Error correction and quality control of SMRT reads
Raw data (raw reads) in fastq format were first processed using in-house Perl scripts. Raw SMRT sequencing reads were processed by removing polymerase reads that were <50 bp and had a accuracy <0.8, resulting in subreads. The joined subreads were disconnected, and joint sequences that were <50 bp were removed, resulting in clean data. The obtained clean reads were processed into error-corrected reads of inserts (ROIs) with parameters including full passes ≥0 and a sequence accuracy ≥0.8. Then, full-length, non-chimeric (FLNC) transcripts were determined by searching for poly-A tail signals and the 5’ and 3’ cDNA primers within the ROIs. Iterative clustering for error correction (ICE) [25] was used to obtain consensus isoforms, and FL consensus sequences from ICE were polished using Quiver. High-quality FL transcripts were classified as those with a post-correction accuracy criterion surpassing 99%. Any redundancy in high-quality, FL transcripts was removed by CD-HIT [26], and the integrity of the transcriptome was evaluated without redundancy by BUSCO [27].
Alternative splicing (AS) detection
We subjected Iso-Seq™ data directly to an all-vs-all BLAST analysis [28], with high identity settings. The BLAST alignments that met all the criteria were considered products of candidate AS events [29]. There should be two high-scoring segment pairs (HSPs) in the alignment: two HSPs had the same forward/reverse direction, and within the same alignment, one sequence should be continuous, or with a small "overlap" size (smaller than 5 bp); the other sequence should be distinct to show an "AS gap", and the continuous sequence should align to the distinct sequence almost completely. The AS gap should be larger than 100 bp and at least 100 bp away from the 3'/5' end.
Simple sequence repeat (SSR) detection
Transcripts >500 bp were selected for SSR analysis using the MIcroSAtellite identification tool (MISA; http://pgrc.ipk-gatersleben.de/misa/http://pgrc.ipk-gatersleben.de/misa/).
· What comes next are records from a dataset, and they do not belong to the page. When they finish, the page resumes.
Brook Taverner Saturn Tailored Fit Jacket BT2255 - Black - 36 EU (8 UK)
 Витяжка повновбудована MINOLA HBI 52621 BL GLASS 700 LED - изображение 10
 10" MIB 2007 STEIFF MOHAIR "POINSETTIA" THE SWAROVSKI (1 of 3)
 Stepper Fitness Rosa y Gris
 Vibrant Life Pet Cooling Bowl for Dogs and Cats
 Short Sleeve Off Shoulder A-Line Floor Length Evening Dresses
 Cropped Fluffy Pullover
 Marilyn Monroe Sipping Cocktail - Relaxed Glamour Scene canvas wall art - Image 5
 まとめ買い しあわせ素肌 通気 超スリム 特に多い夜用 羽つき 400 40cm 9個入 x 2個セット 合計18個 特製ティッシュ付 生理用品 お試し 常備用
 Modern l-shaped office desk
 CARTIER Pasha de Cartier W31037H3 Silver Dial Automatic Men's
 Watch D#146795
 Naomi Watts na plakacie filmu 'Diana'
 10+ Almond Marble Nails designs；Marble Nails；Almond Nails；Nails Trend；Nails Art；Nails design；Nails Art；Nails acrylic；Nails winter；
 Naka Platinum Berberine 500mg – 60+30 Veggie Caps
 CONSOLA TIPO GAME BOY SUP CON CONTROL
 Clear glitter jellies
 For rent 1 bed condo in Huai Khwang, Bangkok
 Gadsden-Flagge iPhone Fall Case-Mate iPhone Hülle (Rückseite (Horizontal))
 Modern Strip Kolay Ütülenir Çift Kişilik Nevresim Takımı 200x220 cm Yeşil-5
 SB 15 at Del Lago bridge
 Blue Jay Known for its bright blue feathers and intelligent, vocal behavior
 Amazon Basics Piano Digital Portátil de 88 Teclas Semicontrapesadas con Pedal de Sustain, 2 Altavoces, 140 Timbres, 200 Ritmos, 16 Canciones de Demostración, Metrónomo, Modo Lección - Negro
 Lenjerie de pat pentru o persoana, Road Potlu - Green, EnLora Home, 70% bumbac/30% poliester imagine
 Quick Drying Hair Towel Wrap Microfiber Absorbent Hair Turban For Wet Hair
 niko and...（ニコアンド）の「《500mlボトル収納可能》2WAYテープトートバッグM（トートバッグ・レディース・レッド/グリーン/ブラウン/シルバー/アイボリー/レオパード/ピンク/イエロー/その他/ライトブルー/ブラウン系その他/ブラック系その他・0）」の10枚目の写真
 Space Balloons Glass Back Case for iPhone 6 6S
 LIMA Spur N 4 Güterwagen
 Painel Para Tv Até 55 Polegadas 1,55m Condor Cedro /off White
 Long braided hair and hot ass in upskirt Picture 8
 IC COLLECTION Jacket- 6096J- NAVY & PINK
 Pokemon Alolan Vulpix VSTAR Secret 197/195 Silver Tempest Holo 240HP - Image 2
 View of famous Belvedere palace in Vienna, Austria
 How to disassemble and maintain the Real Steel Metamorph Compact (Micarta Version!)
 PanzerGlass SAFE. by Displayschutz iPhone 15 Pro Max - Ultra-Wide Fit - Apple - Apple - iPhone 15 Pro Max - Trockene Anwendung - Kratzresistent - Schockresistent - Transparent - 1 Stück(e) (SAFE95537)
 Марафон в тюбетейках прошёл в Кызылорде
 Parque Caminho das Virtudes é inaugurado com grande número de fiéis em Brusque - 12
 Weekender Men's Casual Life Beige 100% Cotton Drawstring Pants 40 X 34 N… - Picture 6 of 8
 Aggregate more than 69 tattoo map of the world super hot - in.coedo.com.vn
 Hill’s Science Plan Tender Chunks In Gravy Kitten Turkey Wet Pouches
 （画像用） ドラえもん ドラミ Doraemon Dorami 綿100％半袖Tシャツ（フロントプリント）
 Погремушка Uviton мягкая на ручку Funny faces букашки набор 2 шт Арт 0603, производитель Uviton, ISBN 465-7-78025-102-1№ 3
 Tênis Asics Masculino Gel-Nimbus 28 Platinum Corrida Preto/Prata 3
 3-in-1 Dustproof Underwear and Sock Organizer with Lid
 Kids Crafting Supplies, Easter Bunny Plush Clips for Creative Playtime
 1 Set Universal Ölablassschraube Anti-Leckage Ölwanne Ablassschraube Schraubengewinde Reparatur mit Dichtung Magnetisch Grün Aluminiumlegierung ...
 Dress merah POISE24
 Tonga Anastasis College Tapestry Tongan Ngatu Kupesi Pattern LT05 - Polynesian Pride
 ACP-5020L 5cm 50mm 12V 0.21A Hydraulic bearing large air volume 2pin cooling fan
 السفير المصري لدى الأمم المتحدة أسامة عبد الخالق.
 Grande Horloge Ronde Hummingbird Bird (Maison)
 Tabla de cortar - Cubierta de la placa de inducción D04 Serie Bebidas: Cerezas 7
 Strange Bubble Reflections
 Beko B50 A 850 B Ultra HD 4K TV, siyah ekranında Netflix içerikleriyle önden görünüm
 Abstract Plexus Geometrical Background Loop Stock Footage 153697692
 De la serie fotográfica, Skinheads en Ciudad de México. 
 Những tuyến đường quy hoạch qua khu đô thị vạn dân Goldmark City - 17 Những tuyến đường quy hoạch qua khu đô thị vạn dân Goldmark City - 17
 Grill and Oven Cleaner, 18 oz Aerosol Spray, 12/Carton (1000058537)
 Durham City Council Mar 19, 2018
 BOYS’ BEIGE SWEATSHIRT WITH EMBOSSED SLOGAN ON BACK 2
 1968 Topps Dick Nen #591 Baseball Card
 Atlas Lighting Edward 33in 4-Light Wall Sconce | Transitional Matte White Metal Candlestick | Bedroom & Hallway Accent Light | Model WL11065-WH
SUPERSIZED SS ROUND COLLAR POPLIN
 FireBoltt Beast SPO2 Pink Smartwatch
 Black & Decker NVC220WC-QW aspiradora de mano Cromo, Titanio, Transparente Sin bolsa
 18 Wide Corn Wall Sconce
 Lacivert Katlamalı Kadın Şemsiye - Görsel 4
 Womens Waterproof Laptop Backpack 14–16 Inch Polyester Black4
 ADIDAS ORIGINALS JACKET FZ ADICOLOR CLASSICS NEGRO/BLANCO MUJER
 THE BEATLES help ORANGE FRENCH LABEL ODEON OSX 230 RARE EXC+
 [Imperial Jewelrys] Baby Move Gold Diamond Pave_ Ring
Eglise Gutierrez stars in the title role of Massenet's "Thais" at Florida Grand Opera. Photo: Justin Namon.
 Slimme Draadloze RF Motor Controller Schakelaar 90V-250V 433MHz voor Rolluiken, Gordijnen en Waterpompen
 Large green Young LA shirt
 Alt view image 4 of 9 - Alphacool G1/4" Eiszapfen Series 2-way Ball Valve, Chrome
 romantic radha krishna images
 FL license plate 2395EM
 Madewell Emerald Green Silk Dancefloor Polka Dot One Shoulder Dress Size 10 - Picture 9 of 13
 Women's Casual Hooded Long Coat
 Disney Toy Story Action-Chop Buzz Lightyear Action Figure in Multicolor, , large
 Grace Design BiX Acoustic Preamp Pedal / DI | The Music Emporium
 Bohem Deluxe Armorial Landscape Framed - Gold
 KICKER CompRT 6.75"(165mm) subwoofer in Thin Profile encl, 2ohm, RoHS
MISA was used to identify seven SSR types, namely, mononucleotide, dinucleotide, trinucleotide, tetranucleotide, pentanucleotide, hexanucleotide, and compound SSRs, by analysing transcript sequences.
Prediction of coding DNA sequences (CDSs)
The CDSs and corresponding amino acid sequences within the transcript sequences were predicted using TransDecoder (https://github.com/TransDecoder/TransDecoder/releases). TransDecoder was used to identify candidate protein-coding regions based on the open reading frame (ORF) length, log-likelihood score, nucleotide composition, and (optional) Pfam domain content [30].
Long non-coding RNA (lncRNA) prediction
Putative protein-coding RNAs were filtered and removed using the following minimum length and exon number thresholds. Transcripts that were longer than 200 nt and that had more than two exons were selected as lncRNA candidates and further screened using the Coding Potential Calculator (CPC) [31]/Coding-Non-Coding Index (CNCI/Coding Potential Assessment Tool (CPAT) [32]/Pfam database, which has the power to distinguish protein-coding genes from non-coding genes.
Functional annotation of transcripts and analysis of transcription factors (TFs)
The non-redundant transcript sequences obtained were mapped to eight different databases to obtain annotation information associated with the transcripts. These databases included the non-redundant (NR) [33], Swiss-Prot [34], Gene Ontology (GO; http://www.geneontology.org) [35], Clusters of Orthologous Groups of proteins (COG; http://www.ncbi.nlm.nih.gov/COG) [36], euKaryotic Orthologous Groups (KOG) [37], Pfam (http://pfam.janelia.org/) [38], evolutionary genealogy of genes: Non-supervised Orthologous Groups (eggNOG; http://eggnog.embl.de), and Kyoto Encyclopaedia of Genes and Genomes (KEGG, http://www.genome.ad.jp/kegg/) databases [39].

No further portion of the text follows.